A Igreja de Jesus Cristo dos Santos dos Últimos Dias (Igreja Mórmon) é o Reino do Senhor Jesus Cristo na Terra. Cristo é o Príncipe da Paz. Ele deixou esta grandiosa bênção enquanto estava na Terra: “Deixo-vos a paz, a minha paz vos dou; não vô-la dou como o mundo a dá. Não se turbe o vosso coração, nem se atemorize.” (João 14:27)

Talvez essa seja uma introdução pouco usual quando o assunto é greve, notadamente quando estamos interessados em descobrir se participar de uma greve é não apenas legítimo, mas moralmente correto para um santo dos últimos dias (mórmon). Mas o fato de termos por objetivo a paz pode ser o caminho mais adequado para descobrirmos se uma determinada manifestação é adequada ou não.

 

O que é uma Greve?

Uma greve é nada mais do que a paralisação coletiva e voluntária do trabalho, que visa corrigir uma injustiça ou obter mais direitos. Muitas são as greves importantes na História do Mundo. Algumas permitiram que preciosos direitos fossem reconhecidos – e, de fato, certas greves melhoraram as condições de trabalho. Um exemplo se vê na Revolução Industrial: greves e paralisações reduziram a jornada de trabalho, melhoraram os salários e deram uma qualidade melhor de vida aos operários.

No começo as greves não eram legais (ou seja, não estavam previstas na lei). Entretanto, com o tempo, passou-se a normatizar as greves. Nossa Constituição, por exemplo, prevê a possibilidade de greve (art. 9º) – como último recuso contra os abusos dos patrões.

Na estrutura organizacional de nossa sociedade há sindicatos que determinam a possibilidade ou não de greve de determinada categoria. Às vezes, mesmo que sejamos contrários a greve, acabamos por participar indiretamente, pois fazemos parte de um sindicato que decidiu entrar em greve.

Muitas greves são utilizadas como manobras políticas. Assim, alguns dos nobres objetivos de uma greve acabam sendo maculados – o que faz com que muitas pessoas prefiram não aderir a estes movimentos.

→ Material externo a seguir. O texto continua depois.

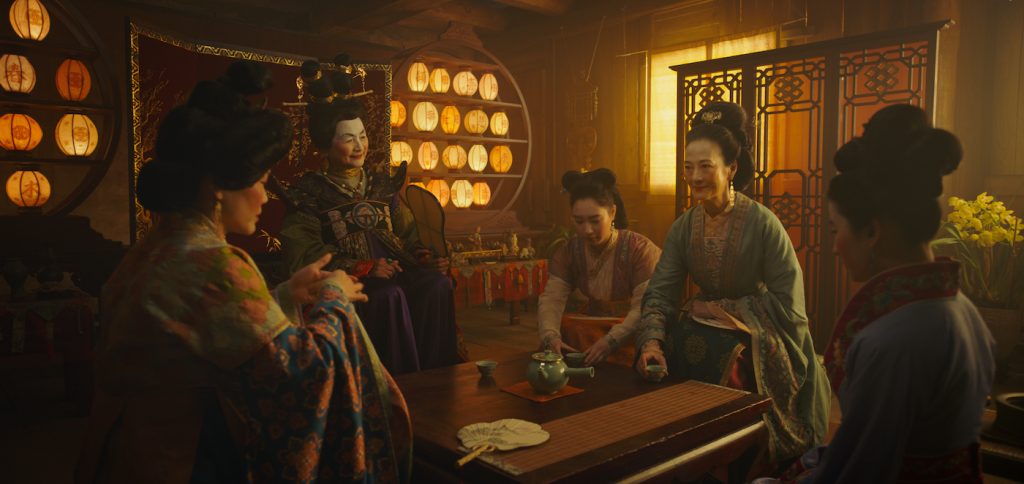 L to R: Jo Lo as Fong Lin, Pei-Pei Cheng as Matchmaker, Xana Tang as Xiu, Rosalind Chao as Li Yifei Liu as Mulan in Disney's MULAN. Photo: Film Frame. © 2020 Disney Enterprises, Inc. All Rights Reserved.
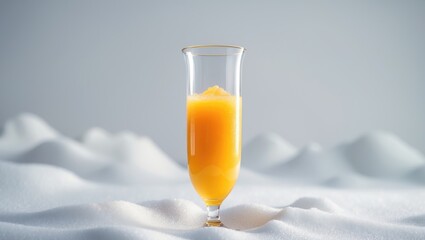 Poster - Fresh carrot juice served in a glass on a white surface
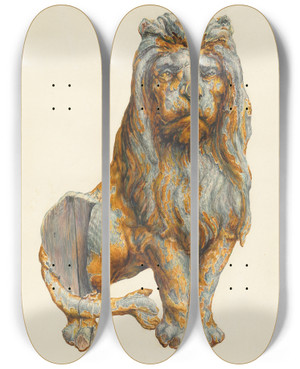 Triptych art skateboard deck of Katharine Merrill Lion by Katharine Merrill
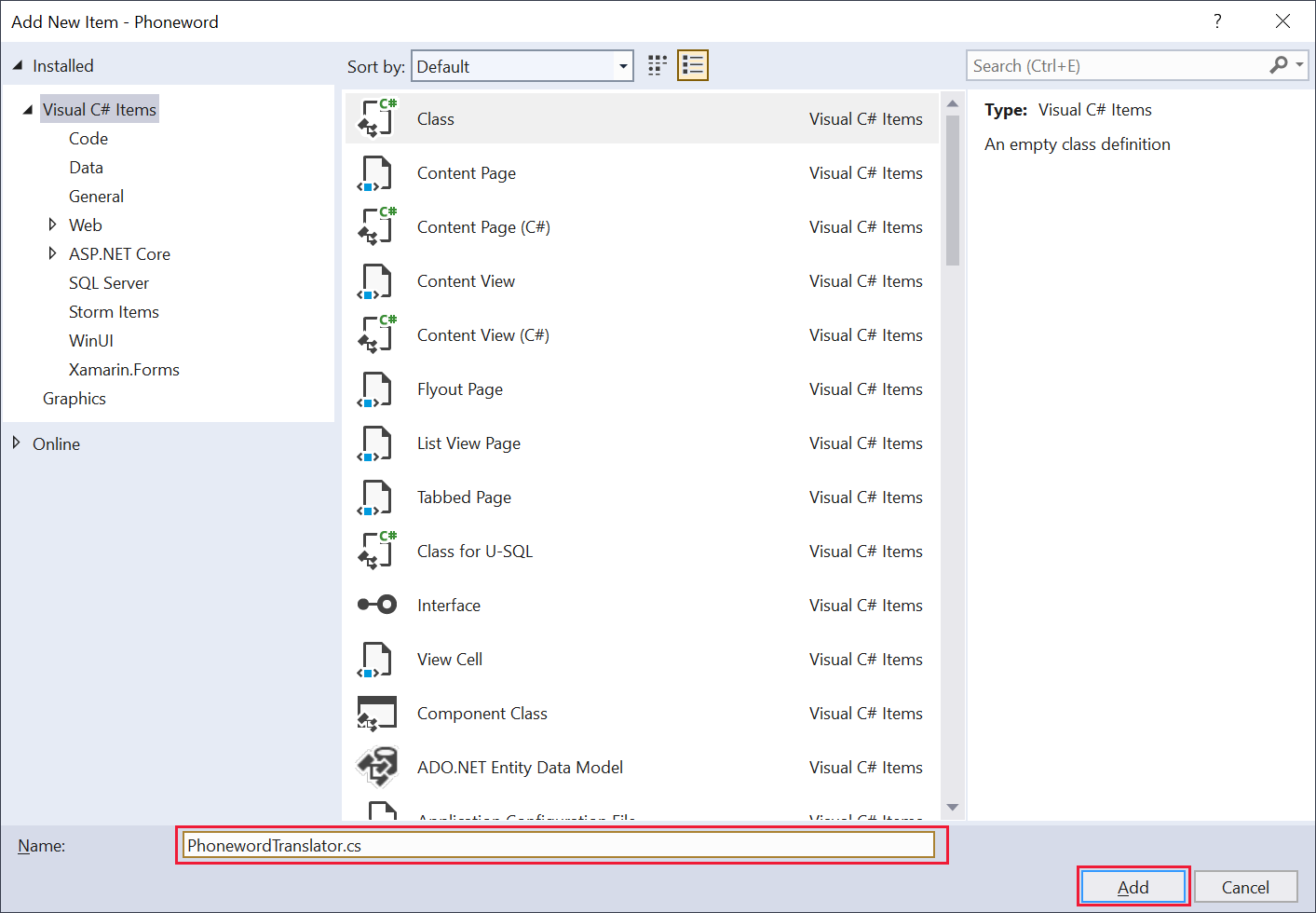 Recorte de pantalla del cuadro de diálogo Agregar nuevo elemento. El usuario llamó al archivo de clase PhonewordTranslator.cs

A palavra greve também é usada quando há paralisação de certas atividades, ainda que não laborais – como a “greve dos estudantes”.

 

É certo entrar em Greve?

Essa pergunta é muito difícil, se não impossível de ser respondida em abstrato. Há uma variedade infinita de situações e circunstâncias que justificam ou não uma greve.

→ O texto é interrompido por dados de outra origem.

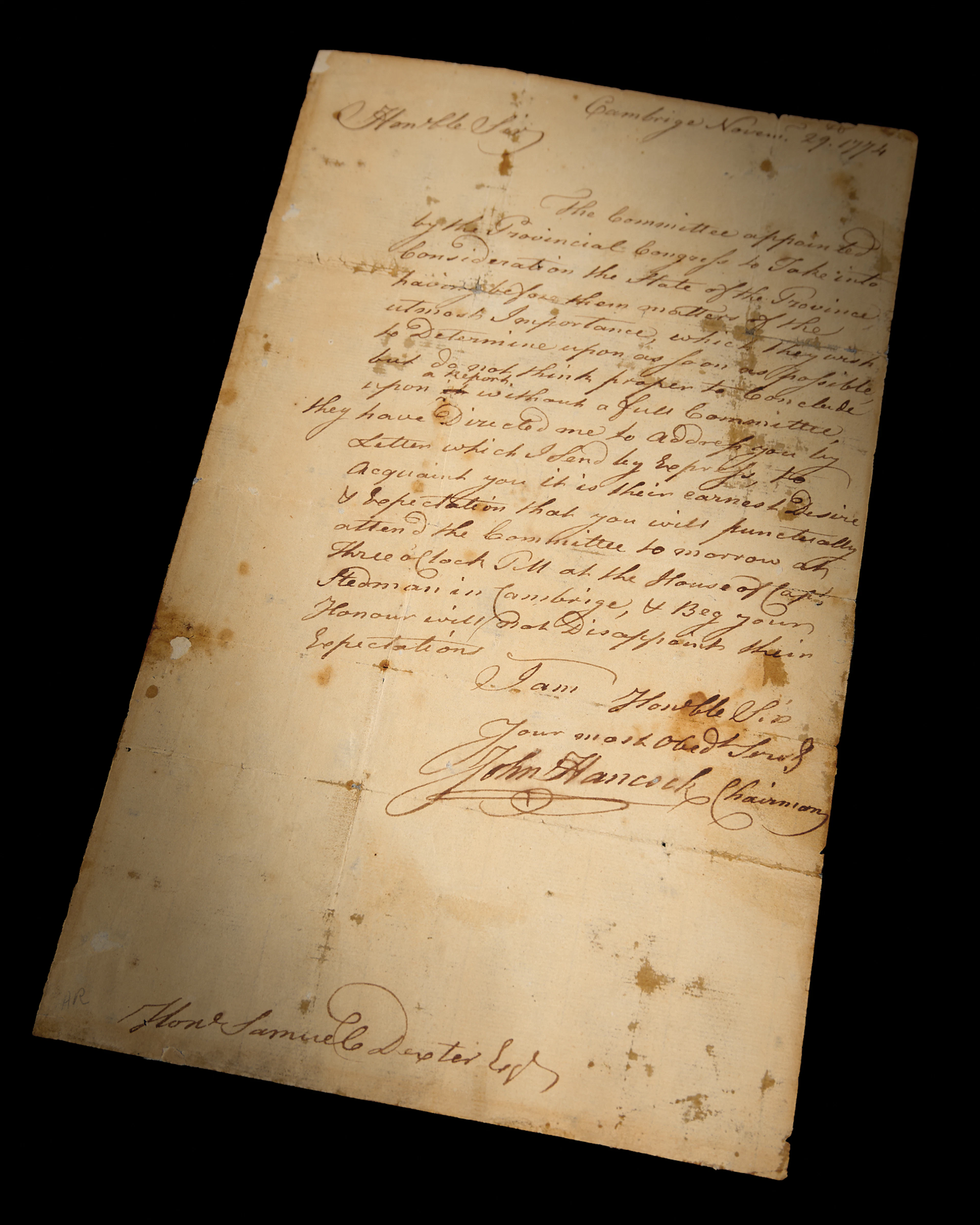 John Hancock War-Dated Autograph Letter Signed as Chairman of the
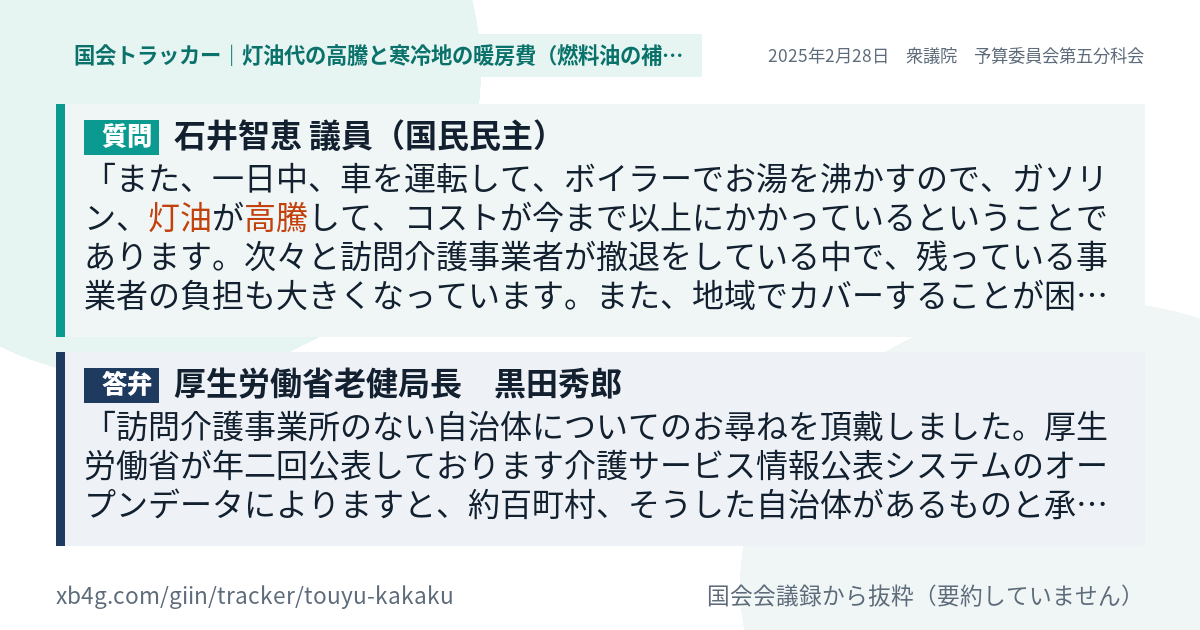 質問と答弁のカード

Entrar em greve leva em consideração fatores como abusos, injustiças, necessidade de melhoria nas condições de trabalho, etc. Ou deveria levar!

A greve, deveria ser o último recurso – mas infelizmente, às vezes, acaba sendo o primeiro.

Quando uma categoria de trabalhadores entra em greve a sociedade inteira é, em maior ou menor grau, afetada. Alguns serviços, considerados essenciais, não podem parar de ser ofertados de maneira geral e absoluta – a lei brasileira exige que serviços de saúde, por exemplo, continuem a ser prestados – mesmo durante a greve dos trabalhadores desta categoria.

Nosso Direito dá ao Poder Judiciário prerrogativa para decidir quando uma greve é abusiva ou não. E se o for, haverá consequências para os ligados à greve.

A questão de todo artigo, porém, extrapola a legalidade. Interessam-nos saber  se um bom santo dos últimos dias, que frequenta a Igreja aos domingos, realiza a noite familiar, ora todos os dias e procura compartilhar o evangelho pode ou não aderir a uma greve.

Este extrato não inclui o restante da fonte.